Featured Image:  NEWPORT, R.I. (May 10, 2016)
Peter Pellegrino, U.S. Naval War College’s (NWC) senior military analyst for wargaming, briefs participants of a wargame reenactment of the Battle of Jutland at NWC in Newport, Rhode Island. During the wargame reenactment, Rear Adm. P. Gardner Howe III, NWC president, commanded the German High Seas Fleet and retired Rear Adm. Samuel J. Cox, director, Naval History and Heritage Command, commanded the British Grand Fleet.
(U.S. Navy photo by Chief Mass Communication Specialist James E. Foehl/Released)

“The Fleet at Flood Tide” – A Conversation with Author James D. Hornfischer

The Fleet at Flood Tide: America at Total War in the Pacific, 1944-1945 by James Hornfischer
The Fleet at Flood Tide: America at Total War in the Pacific, 1944-1945 by James Hornfischer.

By Christopher Nelson

A passionate naval historian, Jim Hornfischer finds time in the early morning hours and the weekends to write.
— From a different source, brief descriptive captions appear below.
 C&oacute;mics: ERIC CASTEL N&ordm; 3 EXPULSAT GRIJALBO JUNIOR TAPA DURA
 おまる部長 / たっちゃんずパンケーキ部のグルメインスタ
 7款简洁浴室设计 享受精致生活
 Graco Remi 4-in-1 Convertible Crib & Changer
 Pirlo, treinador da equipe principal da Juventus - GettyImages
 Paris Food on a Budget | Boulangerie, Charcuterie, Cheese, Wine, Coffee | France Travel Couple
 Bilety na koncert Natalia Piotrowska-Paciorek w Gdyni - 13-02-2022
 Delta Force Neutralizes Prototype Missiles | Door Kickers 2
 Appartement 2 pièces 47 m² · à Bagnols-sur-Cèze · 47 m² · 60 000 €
It was an “elaborate moonlighting gig” he says, that led to his latest book, The Fleet at Flood Tide: America at Total War in the Pacific, 1944-1945

The Fleet at Flood Tide takes us back to World War II in the Pacific. This time Hornfischer focuses on the air, land, and sea battles that were some of the deadliest in the latter part of the war: Saipan, The Great Marianas Turkey Shoot, Tinian, Guam, the strategic bombing campaign, and the eventual use of the atomic bomb on Hiroshima and Nagasaki.  

The battles Hornfischer describe share center stage with some of the most impressive leaders the U.S. placed in the Pacific: Admiral Raymond Spruance, Admiral Kelly Turner, Admiral Marc Mitscher, General Holland “Howlin’ Mad” Smith, and Colonel Paul Tibbets. It is quite a cast of characters.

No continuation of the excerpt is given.